── TASK MATERIAL ──

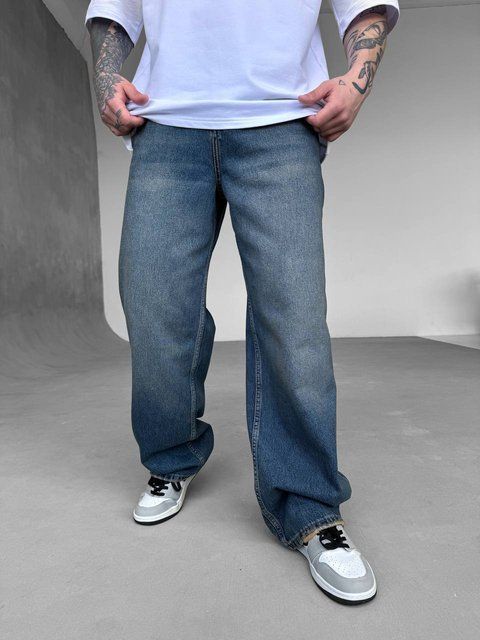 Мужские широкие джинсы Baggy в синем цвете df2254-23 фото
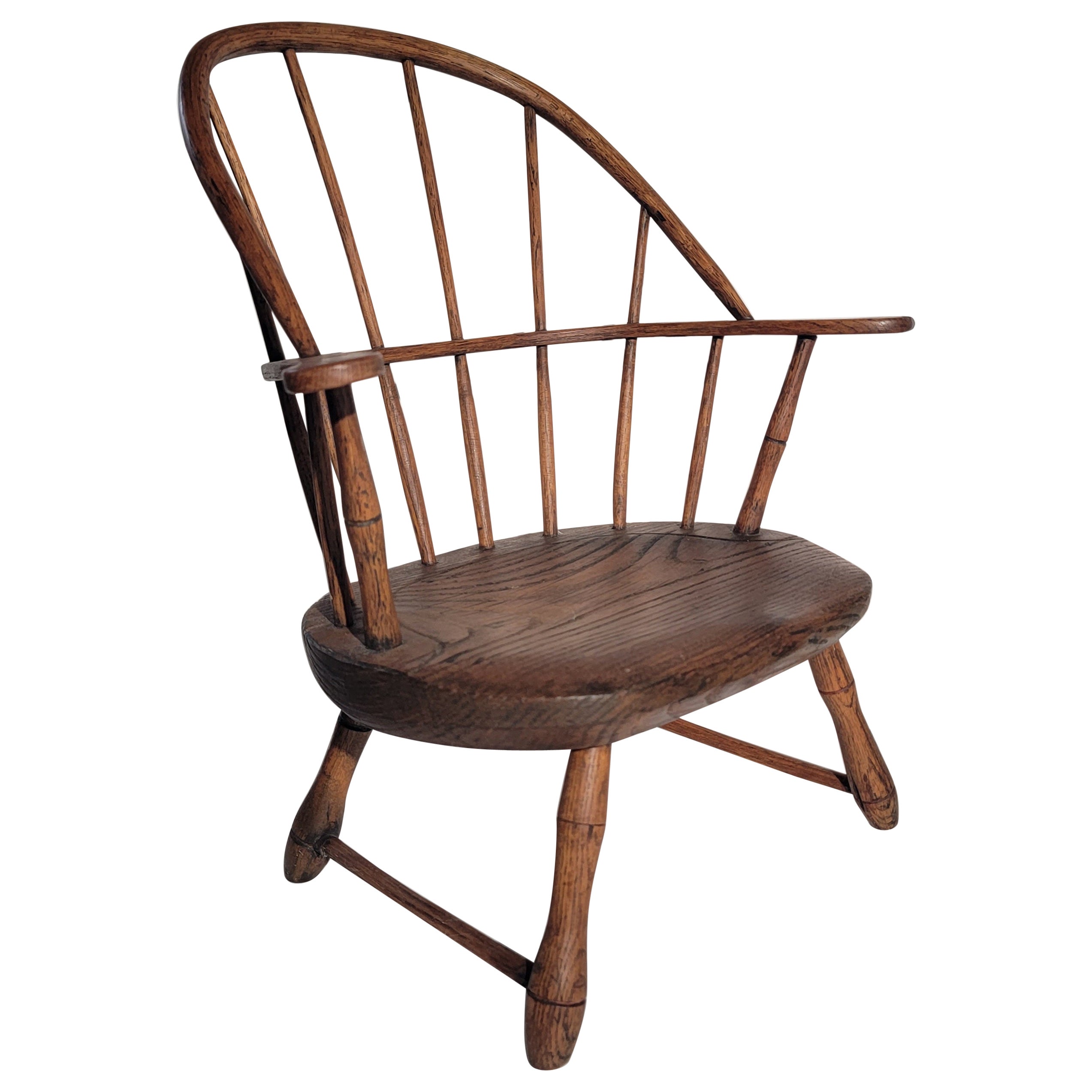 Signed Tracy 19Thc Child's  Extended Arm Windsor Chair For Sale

───
── TASK MATERIAL ──

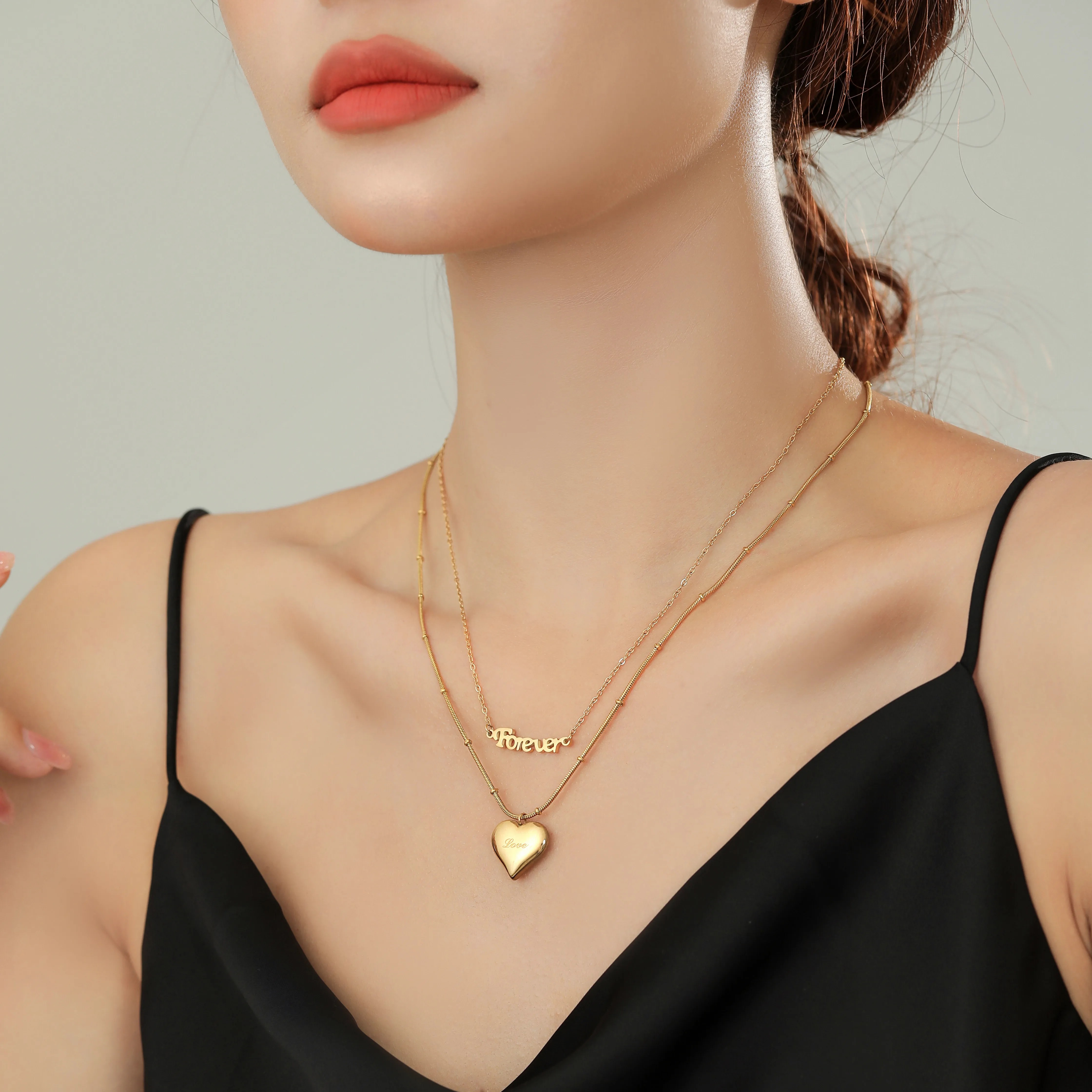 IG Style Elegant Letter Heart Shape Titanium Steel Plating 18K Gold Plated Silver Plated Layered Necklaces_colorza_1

───

## EXERCISE DIRECTIONS
Your answer is the exact run of lines above from the one with "Мужские широкие джинсы" through the one with "Signed Tracy 19Thc", both ends included, minus any picture.

## SOLUTION
 Мужские широкие джинсы Baggy в синем цвете df2254-23 фото
 Signed Tracy 19Thc Child's  Extended Arm Windsor Chair For Sale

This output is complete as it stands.